Thus, using a round-robin priority control scheme, the RR-PESC cannot guarantee that events are output according to their observation time. However, an upper bound on the difference between the event observance and the final output can be determined. To find this worst-case event output time, assume all EPs observe their respective events at the same time. Further, assume that the search index j is 0. In this case, the RR-PESC will output an observed event in the following order: EP 0 → EP 1 · · · → EP N−2 → EP N−1 . Event EP N−1 will wait for N event outputs before being output. Thus the worst-case event output time for N EPs is N event outputs. Note that, while events can be output at a maximum rate of one event per clock cycle, the observation software controls the effective event output rate. Hence the worst-case event output time is defined in terms of event outputs, and not clock cycles. This worst-case event output time implies that, in a sequence of N event outputs, the timestamp for event EP N−1 must be greater than or equal to EP 0 .
While the output of the RR-PESC is not sorted by timestamp, the reported events are nearly sorted and the upper bound on the difference between the event observance and event reporting time can be leveraged to implement efficient software-based sorting algorithms to sort the events according to their timestamps. For in-situ analysis of system behavior, we present the immediate sort/output algorithm that utilizes a buffer to store incoming events that need to be sorted using a buffer size equal to twice the number of enabled EPs (numEPs). Because the maximum difference between an event observation and event reporting is N event outputs, after sorting the buffer, the first half of the buffer can be output with a guarantee that any incoming event will not have a timestamp less than the output events.
Algorithm 1 shows the pseudocode for the immediate sort/output algorithm. Its goal is to sort events as the events are read from the event stream and written to the buffer. The procedure starts with reading an event from the SOCntrl. The event is immediately inserted within the buffer in sorted order using an insertion sort. The time complexity of this operation is O(n), where n is the number of events in a buffer. After inserting the new event, the algorithm will determine which events can be immediately output. If the difference in timestamp between any two events in the buffer is greater than numEPs, the event is output from the buffer. As the buffer is sorted, this process compares the first and last event in the buffer and outputs events as long as this condition holds. Furthermore, if the buffer reaches its maximum capacity of 2 * numEPs, the first half of the buffer is immediately output. for (k ← 0 to numEPs) do 
Priority-Level-Based Event Stream Controller (PL-PESC)

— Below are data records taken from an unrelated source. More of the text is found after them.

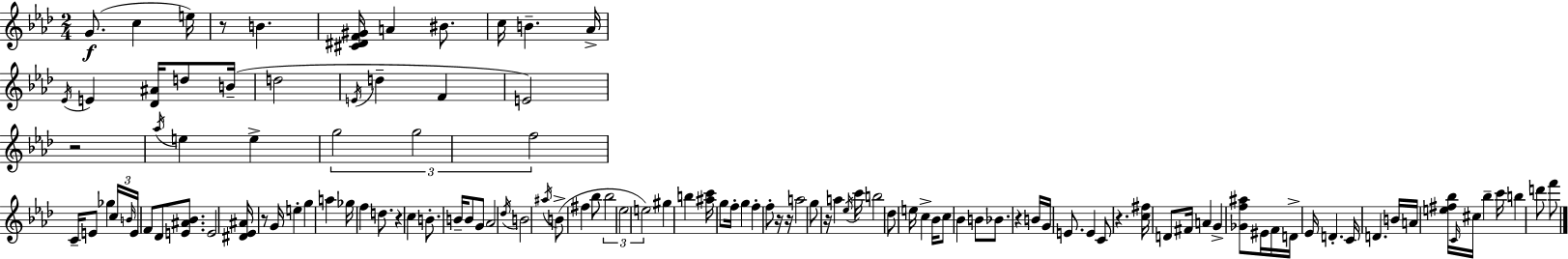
G4/e. C5/q E5/s R/e B4/q. [C#4,D#4,F4,G#4]/s A4/q BIS4/e. C5/s B4/q. Ab4/s Eb4/s E4/q [Db4,A#4]/s D5/e B4/s D5/h E4/s D5/q F4/q E4/h R/h Ab5/s E5/q E5/q G5/h G5/h F5/h C4/s E4/e Gb5/q C5/s B4/s E4/s F4/e Db4/e [E4,A#4,Bb4]/e. E4/h [D#4,Eb4,A#4]/s R/e G4/s E5/q G5/q A5/q Gb5/s F5/q D5/e. R/q C5/q B4/e. B4/s B4/e G4/e Ab4/h Db5/s B4/h A#5/s B4/e F#5/q Bb5/e Bb5/h Eb5/h E5/h G#5/q B5/q [A#5,C6]/s G5/e F5/s G5/q F5/q F5/e R/s R/s A5/h G5/e R/s A5/q Eb5/s C6/s B5/h Db5/e E5/s C5/q Bb4/s C5/e Bb4/q B4/e Bb4/e. R/q B4/s G4/s E4/e. E4/q C4/e R/q. [C5,F#5]/s D4/e F#4/s A4/q G4/q [Gb4,F5,A#5]/e EIS4/s F4/s D4/s Eb4/s D4/q. C4/s D4/q. B4/s A4/s [E5,F#5,Bb5]/s C4/s C#5/s Bb5/q C6/s B5/q D6/e F6/e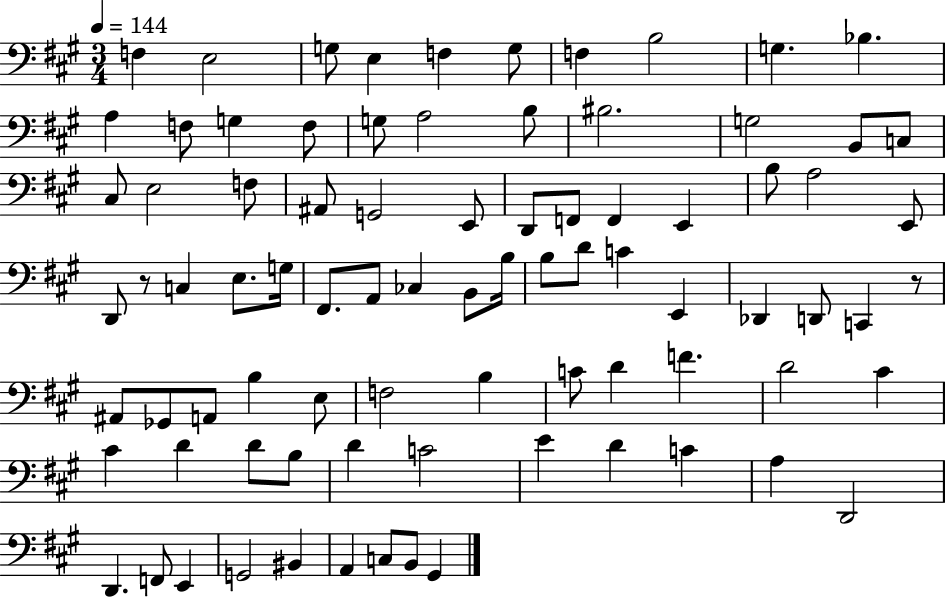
X:1
T:Untitled
M:3/4
L:1/4
K:A
F, E,2 G,/2 E, F, G,/2 F, B,2 G, _B, A, F,/2 G, F,/2 G,/2 A,2 B,/2 ^B,2 G,2 B,,/2 C,/2 ^C,/2 E,2 F,/2 ^A,,/2 G,,2 E,,/2 D,,/2 F,,/2 F,, E,, B,/2 A,2 E,,/2 D,,/2 z/2 C, E,/2 G,/4 ^F,,/2 A,,/2 _C, B,,/2 B,/4 B,/2 D/2 C E,, _D,, D,,/2 C,, z/2 ^A,,/2 _G,,/2 A,,/2 B, E,/2 F,2 B, C/2 D F D2 ^C ^C D D/2 B,/2 D C2 E D C A, D,,2 D,, F,,/2 E,, G,,2 ^B,, A,, C,/2 B,,/2 ^G,,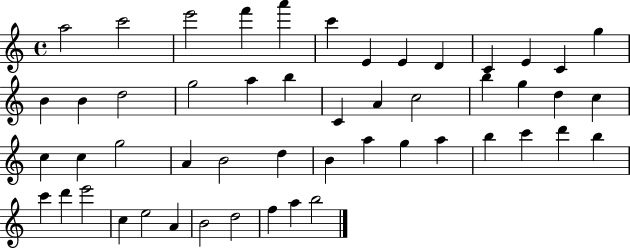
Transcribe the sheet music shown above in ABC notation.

X:1
T:Untitled
M:4/4
L:1/4
K:C
a2 c'2 e'2 f' a' c' E E D C E C g B B d2 g2 a b C A c2 b g d c c c g2 A B2 d B a g a b c' d' b c' d' e'2 c e2 A B2 d2 f a b2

To further reduce area requirement compared to the RR-PESC, the SOF supports a priority-level event stream controller (PL-PESC) that reports events based on a priority level (PL) assigned to EPs and OIs. The PL-PESC allows designers to specify priorities of different system components or events. To specify each priority, the PL-PESC utilizes a concept similar to fixed-priority preemptive scheduling that executes the highest priority task that is currently ready to execute. When observed events exist, the PL-PESC will select that observed event with the highest priority.
The priorities of observed events can be configured in two different ways.
-EP → PL: the ID of the EP is utilized to determine the EP's priority level -OI → PL: the ID of the OI is utilized to determine the EP's priority level Figure 11 shows an operation example of the PL-PESC using an EP → PL priority assignment. Observed events from enabled EPs are stored to PLBs having the same ID of EPs, respectively. For example, using an EP → PL priority assignment, all EPs with an ID of 0 will be mapped to the same PLB, namely PLB 0 . This is further extended to the SOCntrl for selecting events between OIs. Figure 12 shows an example of the PL-PESC using an OI → PL priority assignment. Observed events from enabled EPs are stored to PLBs with the same ID as the originating OIs. Using an OI → PL priority assignment, all EPs within the same OI will be mapped to the same PLB. For example, all EPs within OI 0 will be mapped to PLB 0 .
The priority-level buffer (PLB) is a buffer to temporarily store observed events that need to be sorted. The size of each PLB is based on the number of events assigned to a PL, the rate of event occurrence, and the number of higher-priority events. We utilize an extension of the response-time analysis [Audsley et al. 1993 ] to determine the individual PLB size requirements and the total event stream buffer size (TESBS).
The TESBS comprises the total buffers required across all PLBs. The TESBS is calculated as
where l is a priority level and N, the total number of priority levels.
The priority-level buffer size (PLBS) for each PLB is comprised of the total event buffers required for a specific priority level l. The PLBS for priority level l (PLBS l ) is calculated as
where j represents all EPs mapped to PLB l given the current priority assignment, and EBR is the event buffer requirement for a specific EP, given by
where j is an EP mapped to PLB l , k represents all EPs assigned to PLB l , WCRT k represents the worst-case report time for all EPs k, and MFR j represents the maximum firing rate for EP j.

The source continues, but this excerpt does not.